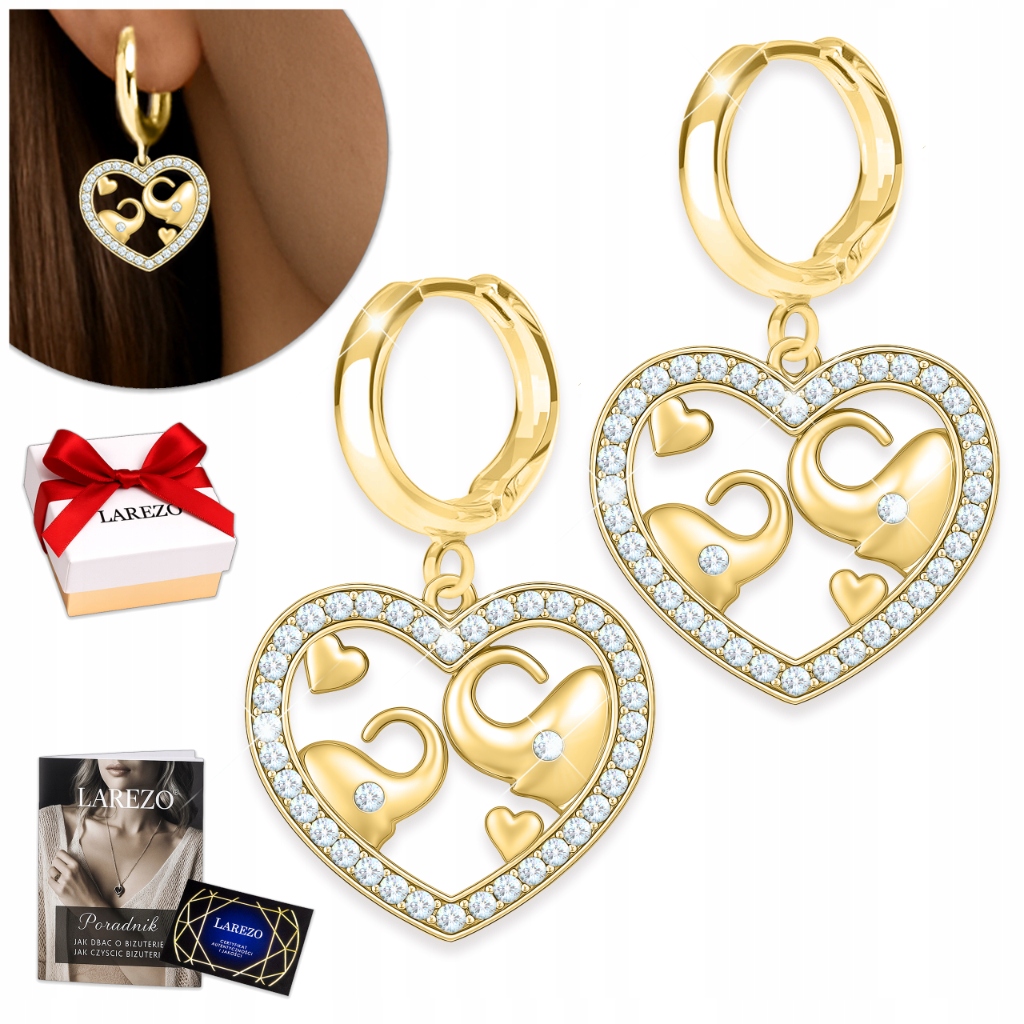 Zlaté Náušnice se slonem Sloní srdce se slonem Kubická zirkonie Slon Stříbro 925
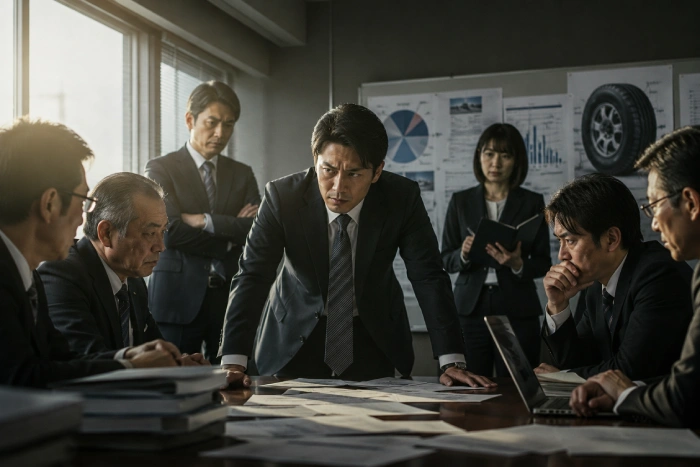 緊迫した会議で仲間を率いて決断するスーツ姿の男性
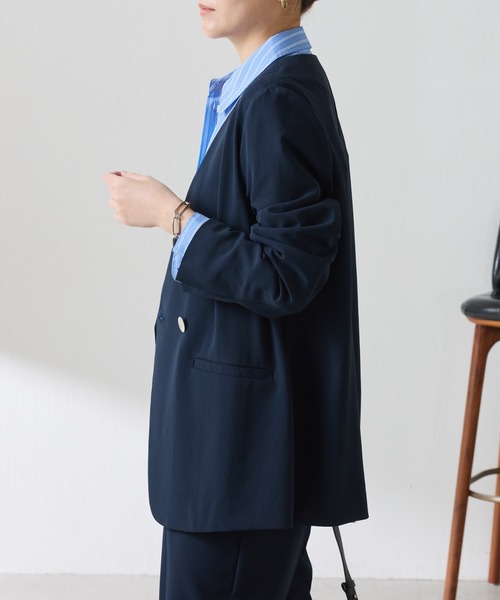 COLLAGE GALLARDAGALANTE(コラージュガリャルダガランテ)の「ジャージノーカラージャケット/セットアップ可/新色登場(ノーカラージャケット・レディース・ベージュ/ネイビー/ブラック・FREE)」の21枚目の写真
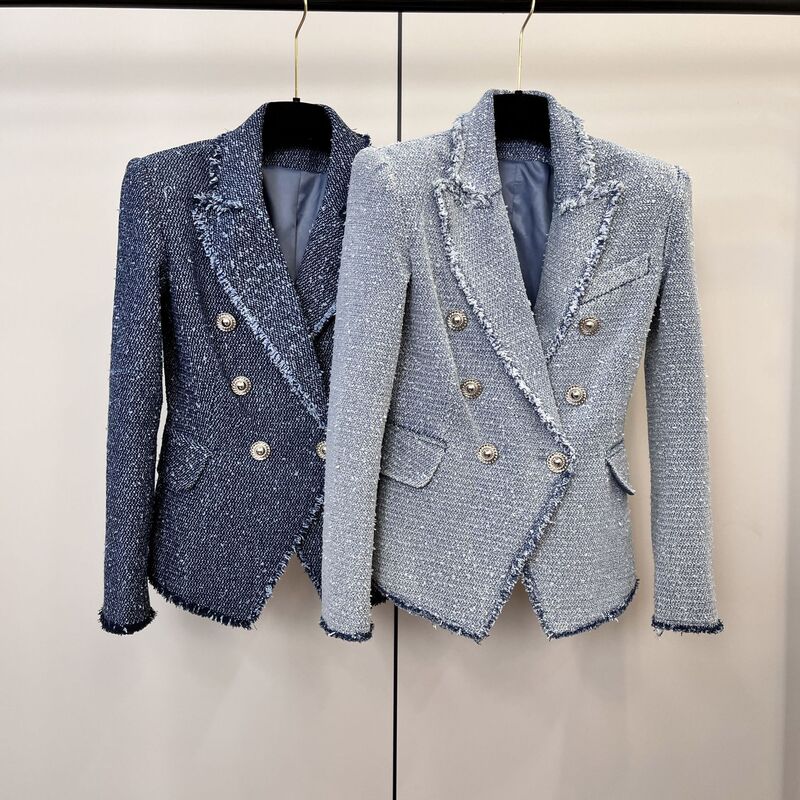 Wool plucking craft double-breasted tweed suit coat women's temperament modern age-reducing jacket casual lapel small suit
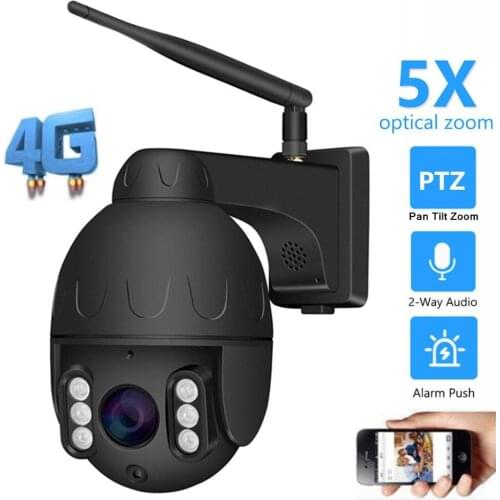 3G 4G SIM Card Wifi PTZ HD 2MP 5MP IP Camera Wireless Auto Cruise Tour Rotating Audio Mic IR 50M 5X Zoom Auto Focus CCTV Camera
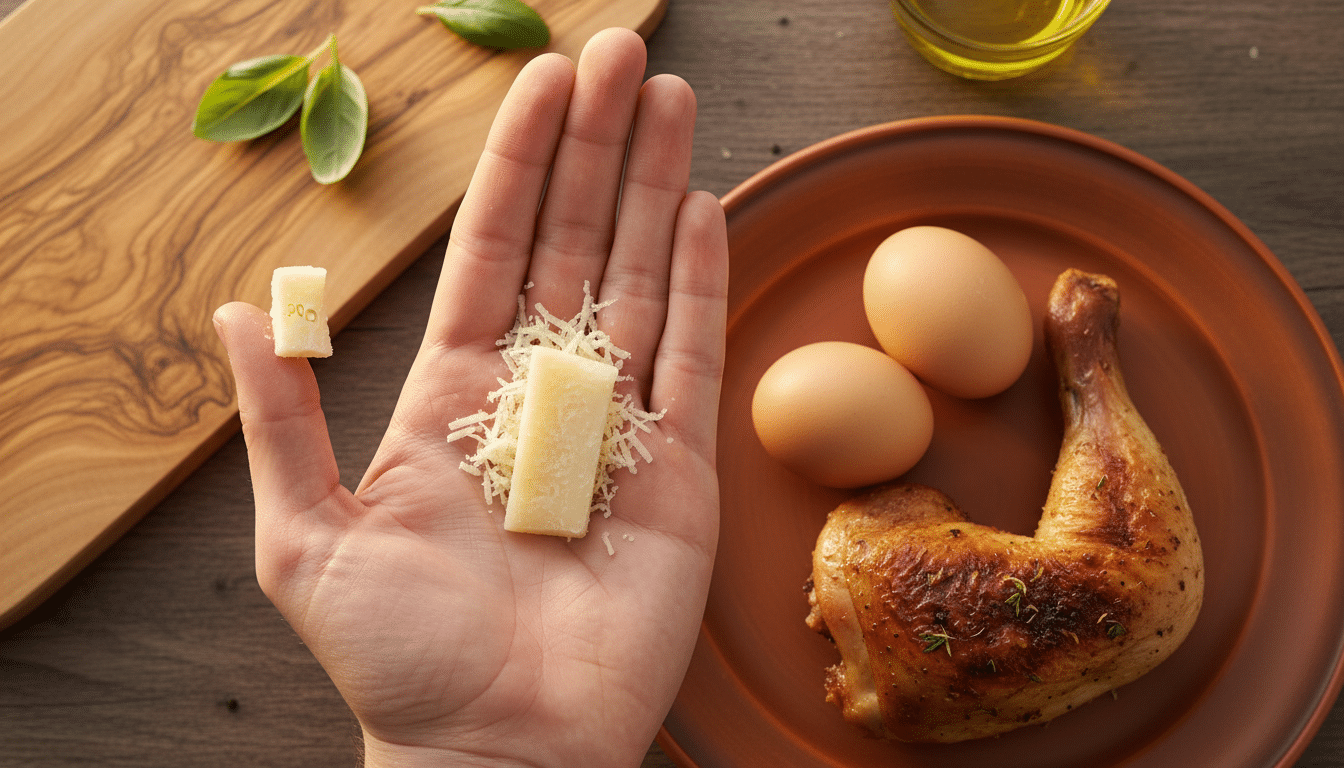 Portion de Parmesan comparée à deux doigts sur une assiette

========

Problem statement:
Write the records above out again exactly, with no pictures in your copy.

Task response:
 Zlaté Náušnice se slonem Sloní srdce se slonem Kubická zirkonie Slon Stříbro 925
 緊迫した会議で仲間を率いて決断するスーツ姿の男性
 COLLAGE GALLARDAGALANTE(コラージュガリャルダガランテ)の「ジャージノーカラージャケット/セットアップ可/新色登場(ノーカラージャケット・レディース・ベージュ/ネイビー/ブラック・FREE)」の21枚目の写真
 Wool plucking craft double-breasted tweed suit coat women's temperament modern age-reducing jacket casual lapel small suit
 3G 4G SIM Card Wifi PTZ HD 2MP 5MP IP Camera Wireless Auto Cruise Tour Rotating Audio Mic IR 50M 5X Zoom Auto Focus CCTV Camera
 Portion de Parmesan comparée à deux doigts sur une assiette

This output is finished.